The planet's north pole is simple. You can usually find it as right ascension (α) and declination (δ), the celestial version of Earthly longitude and latitude.
$$ Z(planet) = \{ \cos \delta \cos \alpha, \cos \delta \sin \alpha, \sin \delta \} $$
The orbit's north pole is more complicated. It's often given in the Earth's ecliptic coordinates, and indirectly, from the orbit's inclination and ascending-node longitude.

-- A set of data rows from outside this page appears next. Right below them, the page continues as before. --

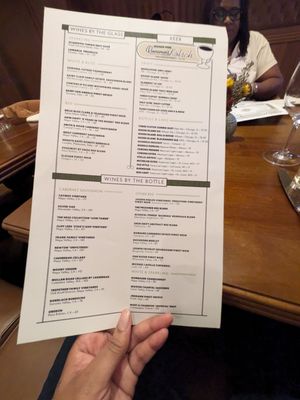Queenie’s Supper Club by null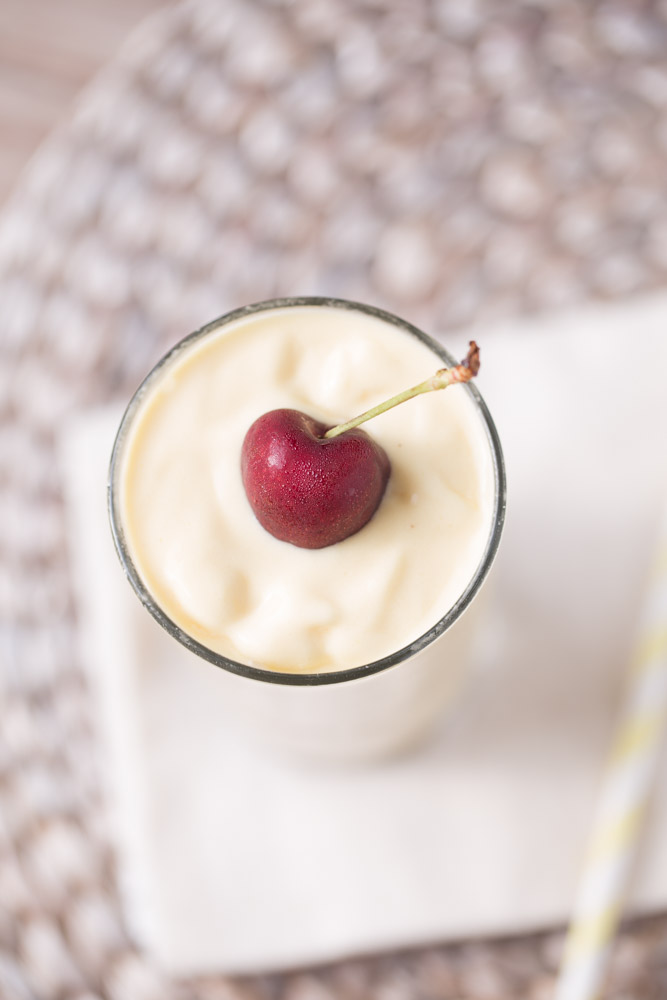 Pina Colada Smoothie with Mango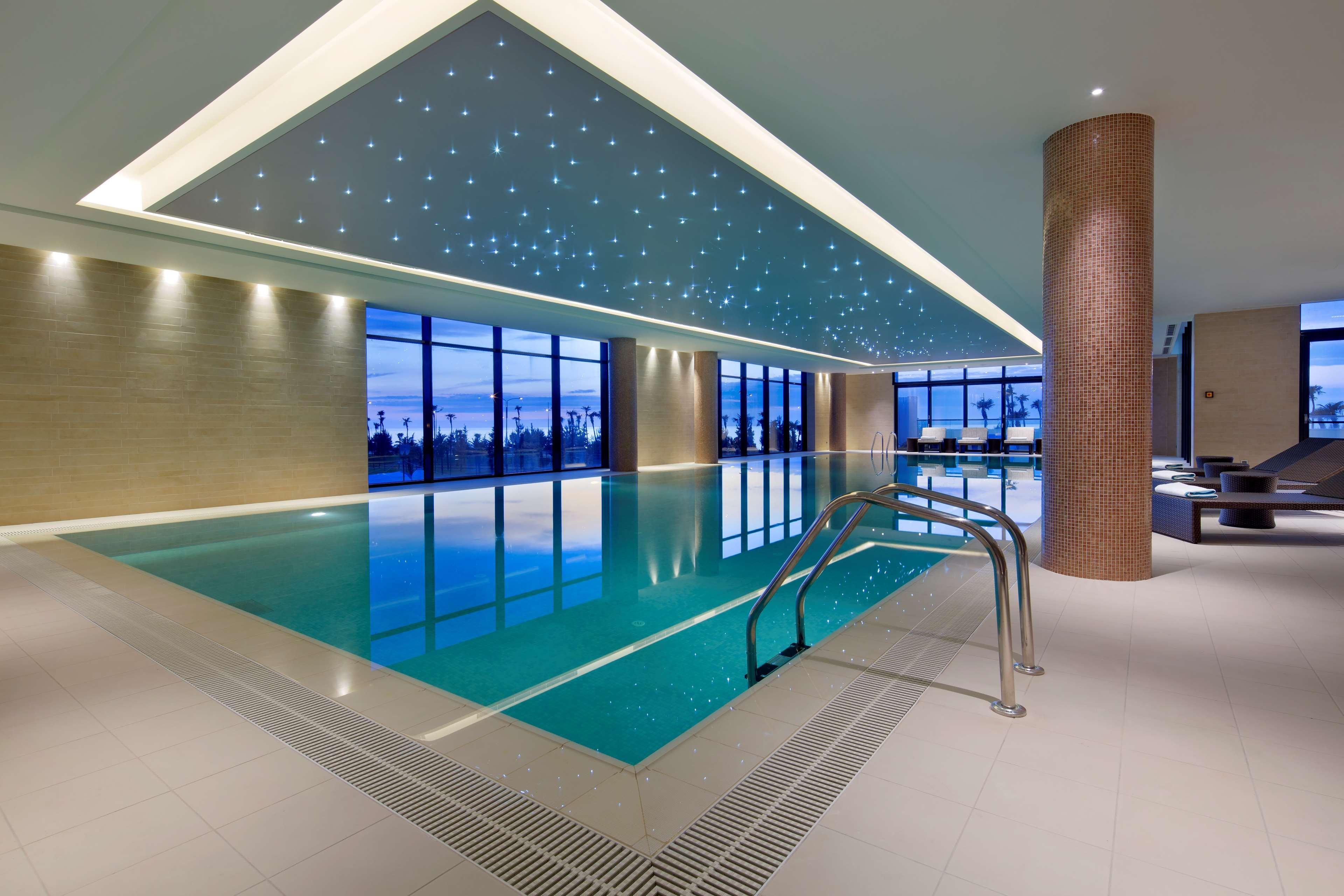 ホテル ヒルトン バトゥミ バトゥーミ エクステリア 写真 The pool at the Westin Palace, Brussels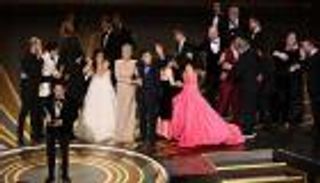 حفل الأوسكار.. Everything Everywhere All at Once يحصد جائزة أفضل فيلم
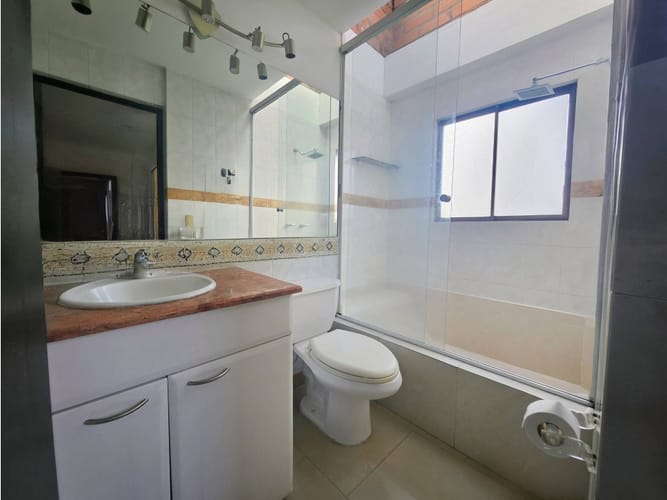 Apartamento de 3 alcobas en venta en Vía Las Palmas, Medellín, 173 m² · foto 8 de 21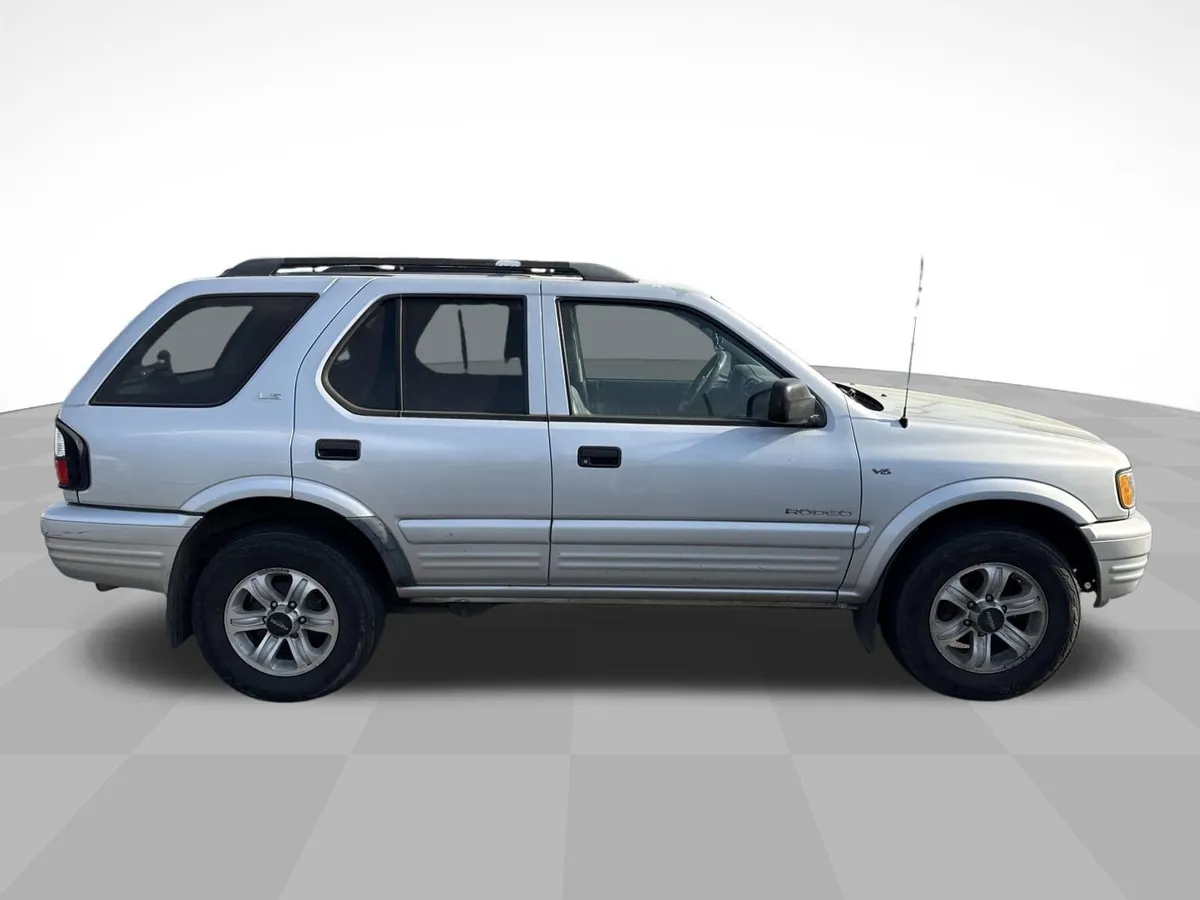 2001 Isuzu Rodeo S thumbnail 4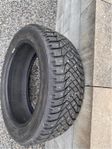 Dubbade däck Good year ultra grip Arctic 2 215/55R18 99T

$$ Z(planet-orbit) = \{ \sin i \sin \Omega, - \sin i \cos \Omega, \cos i \} $$
To get from the Earth's ecliptic coordinates to its equatorial ones, you need the Earth's obliquity ε:
$$ X(ecliptic) = \{1, 0, 0 \} ,\ Y(ecliptic) = \{0, \cos\varepsilon, \sin\varepsilon \}, Z(ecliptic) = \{0, -\sin\varepsilon, \cos\varepsilon \} $$
To get from ecliptic to equatorial coordinates, you must do
$$ Z(PO-equatorial) = Z(PO-ecl,1) X(ecliptic) + Z(PO-ecl,2) Y(ecliptic) + Z(PO-ecl,3) Z(ecliptic) $$
where the 1, 2, and 3, are the three components of Z(PO-ecl) = Z(planet-orbit-ecliptic).
Once you have that, then
$$ X(planet) \sin\varepsilon(planet) = Z(planet-orbit) \times Z(planet) ,\ Y(planet) = Z(planet) \times X(planet) $$
So the position in planet coordinates of an object at position n in Earth equatorial coordinates is {n.X(planet), n.Y(planet), n.Z(planet)} and it can be converted to the planet's analog of right ascension and declination if one so desires.